The below documentation was written as a roadmap for future implementation, and may be irrelevant/inaccurate to how Latte is operated today. Reach out to the VP of tech (vp@csua.berkeley.edu) or root staff (via Discord) if you have any questions.

About Latte

Latte is a GPU server, donated in part by NVIDIA Corp. for use by the CS community. It features 8 datacenter-class NVIDIA Tesla P100 GPUs, which offer a large speedup for machine learning and related GPU computing tasks. The Tensorflow and PyTorch libraries are available for use as well.

User Guide

Getting Started

To begin using latte, you need to first have a CSUA account and be a member of the ml2018 group. You can check if you are a member by logging into soda.csua.berkeley.edu and using the id command.
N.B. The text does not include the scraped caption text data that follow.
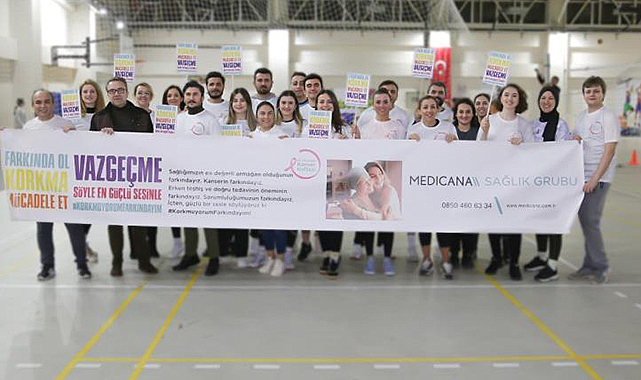 Hastane çalışanları kansere dikkat çekmek için voleybol maçı yaptı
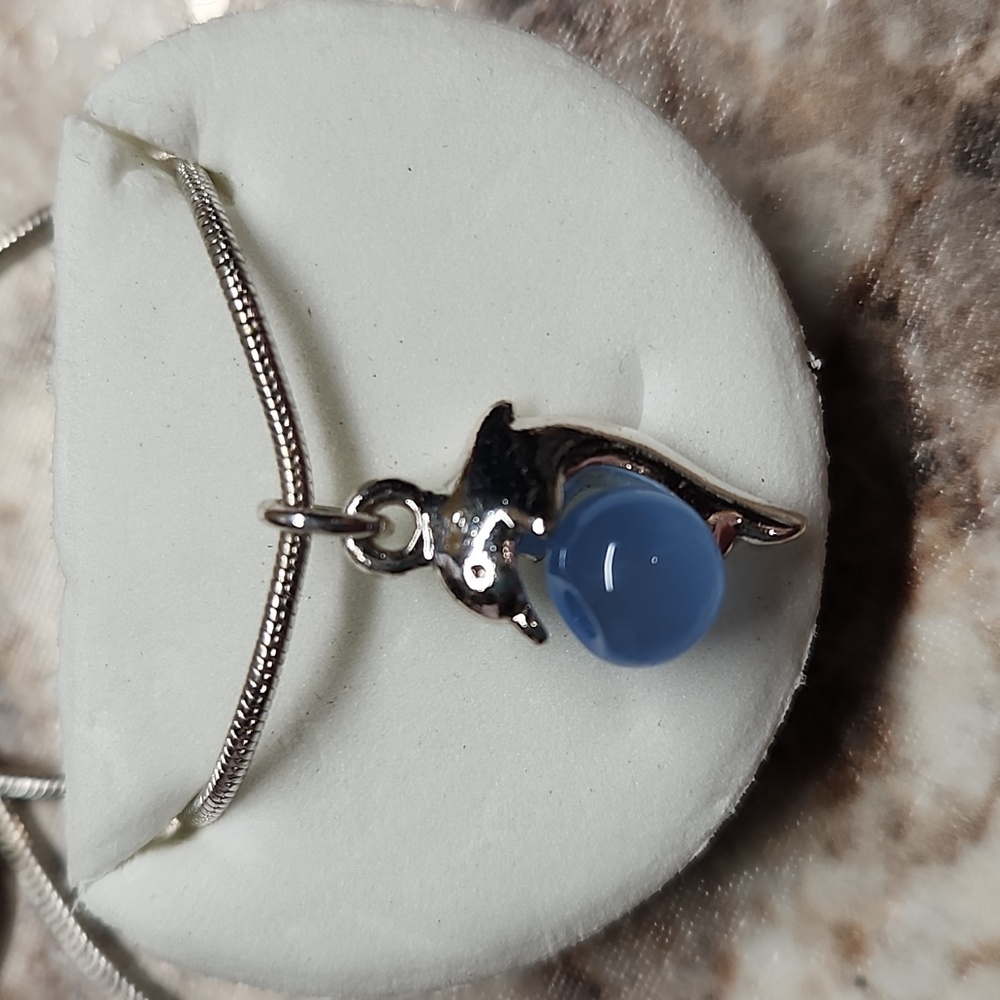 🔮 Blue Glass Cat eye Dolphin Stone Pendent Necklace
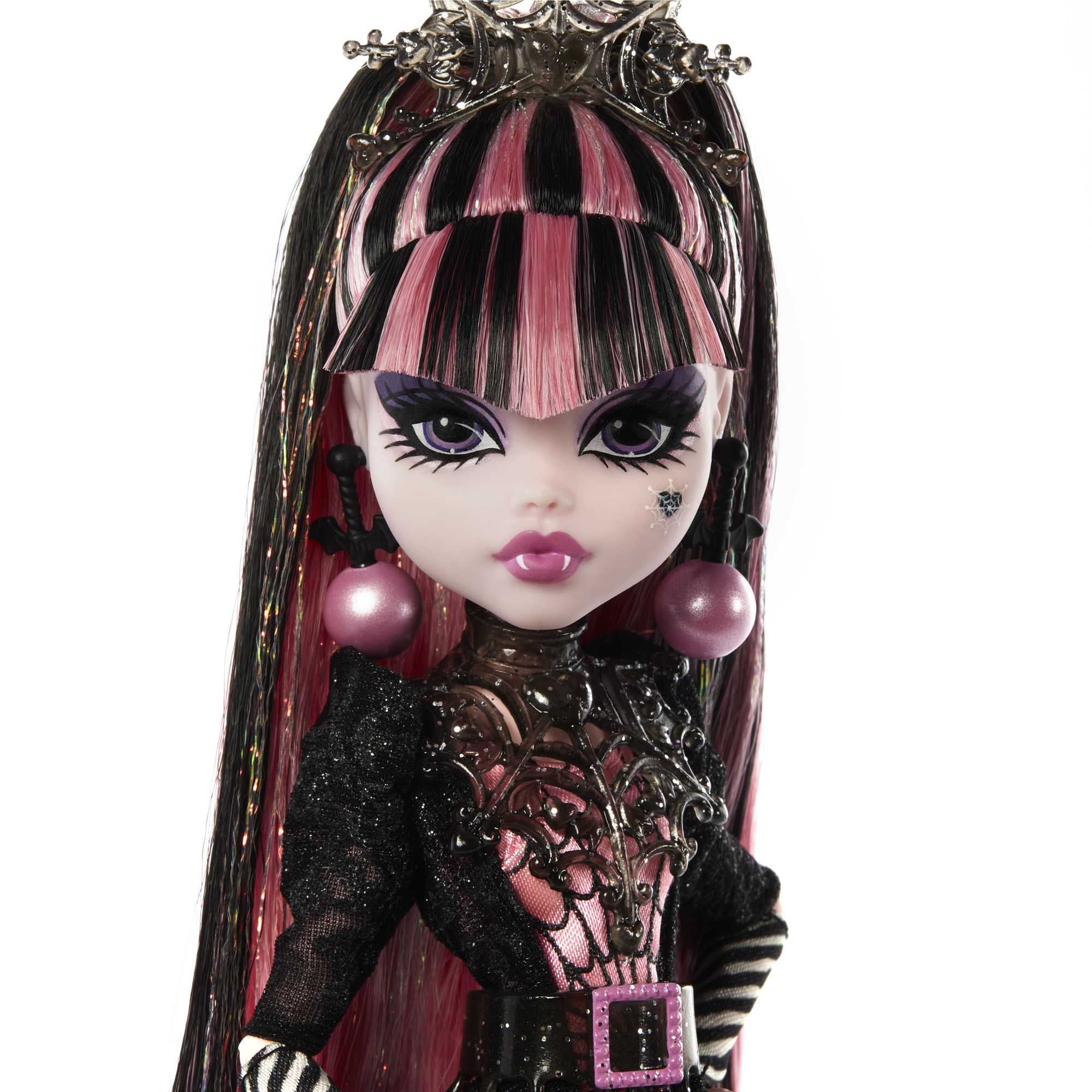 Monster High Howliday: Winter Edition Draculaura Doll - Image 2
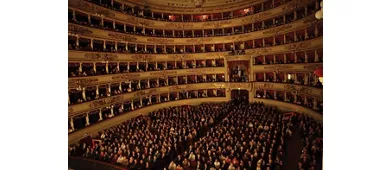 Teatro alla Scala: Guided Tour + Fast Track Ticket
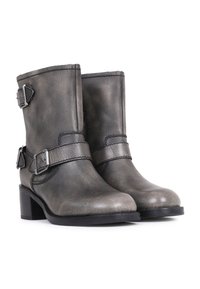 Botines de piel gris metálico hasta el tobillo con un acabado texturizado, que cuentan con dos correas ajustables y un tacón cuadrado. Superficie lisa y diseño duradero.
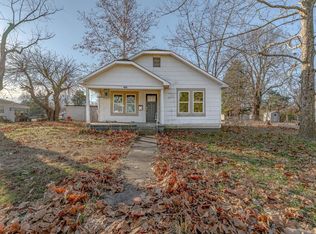 414 E 1st St, Rector, AR 72461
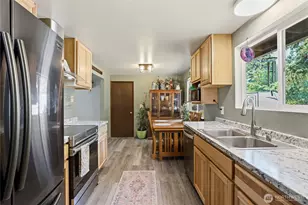 2422 Hennessy Ln, Port Angeles, WA 98363 - Photo 12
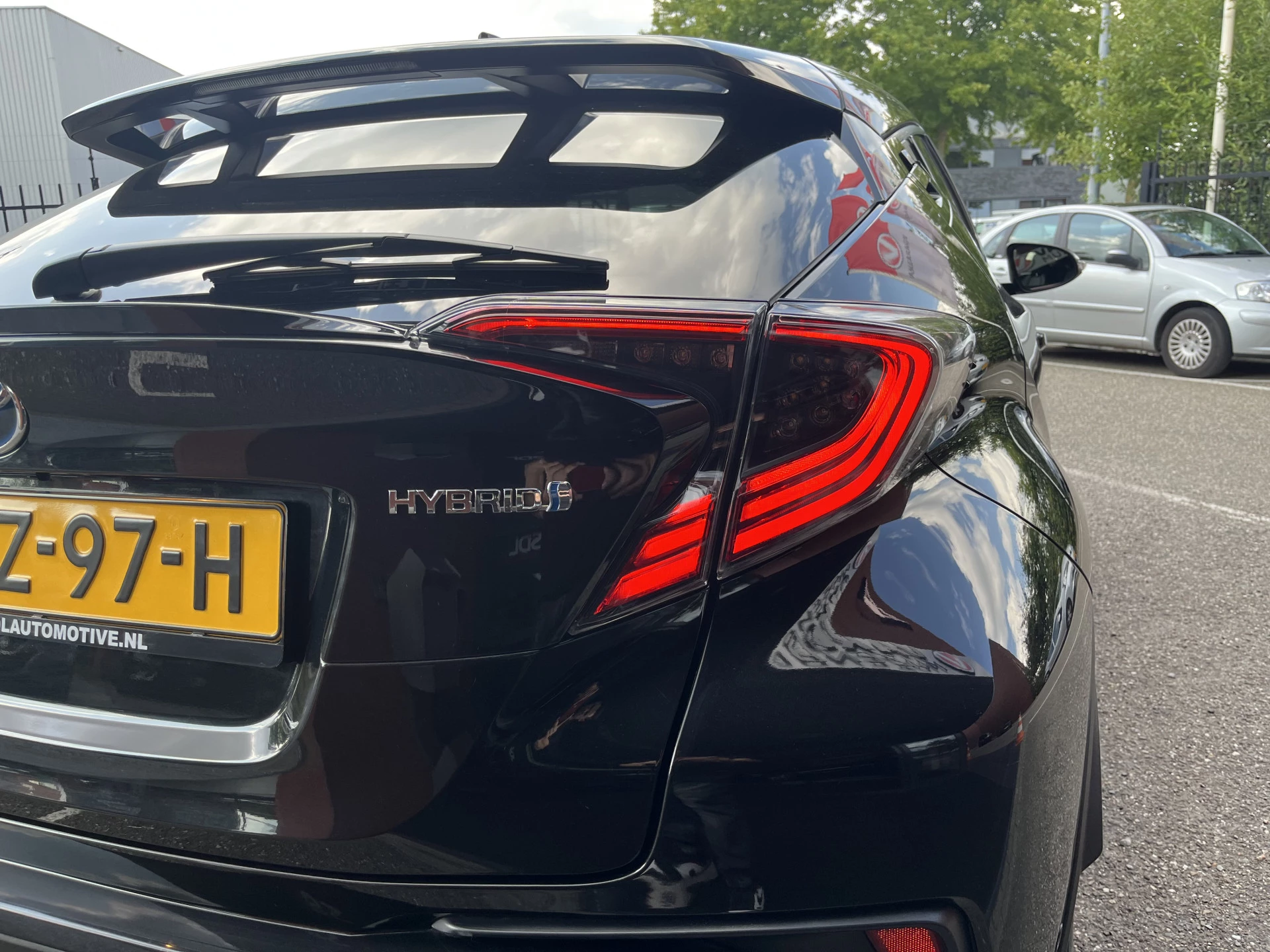 Hoofdafbeelding Toyota C-HR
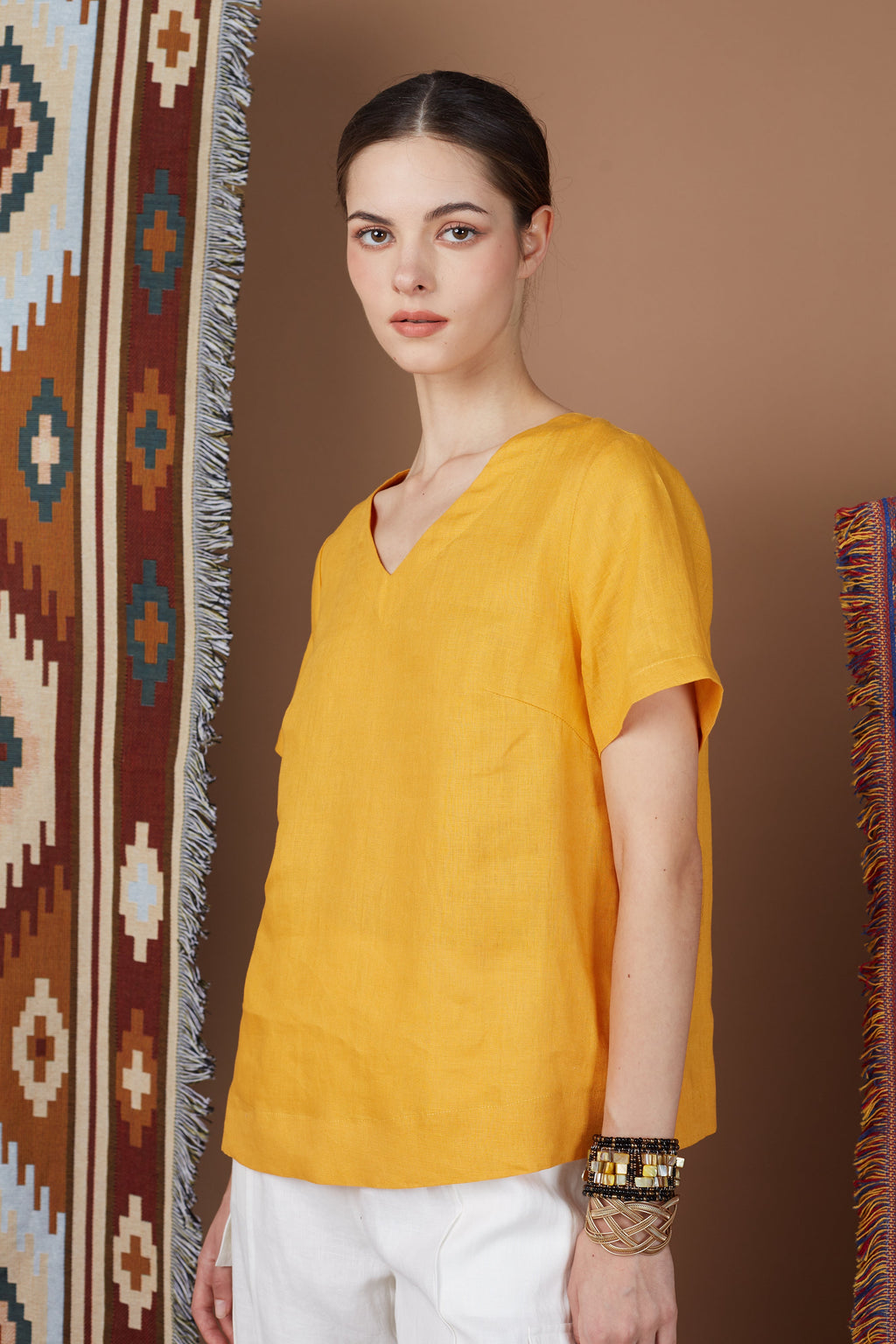 DOA ESSENTIAL V NECK BLOUSE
To get a CSUA account, please visit our office in 311 Soda and an officer will create an account for you.

To get into the ml2018 group, send an email to latte@csua.berkeley.edu with the following:

Name
CSUA Username
Intended use

Once we receive your email, we will give you access to the group.

Once you have an account, you can log into latte.csua.berkeley.edu over SSH. This will bring you into the slurmctld machine. From here, you can begin setting up your jobs.

Testing Your Jobs

slurmctld is meant for testing only. There are limits to the amount of compute you can use while in this machine.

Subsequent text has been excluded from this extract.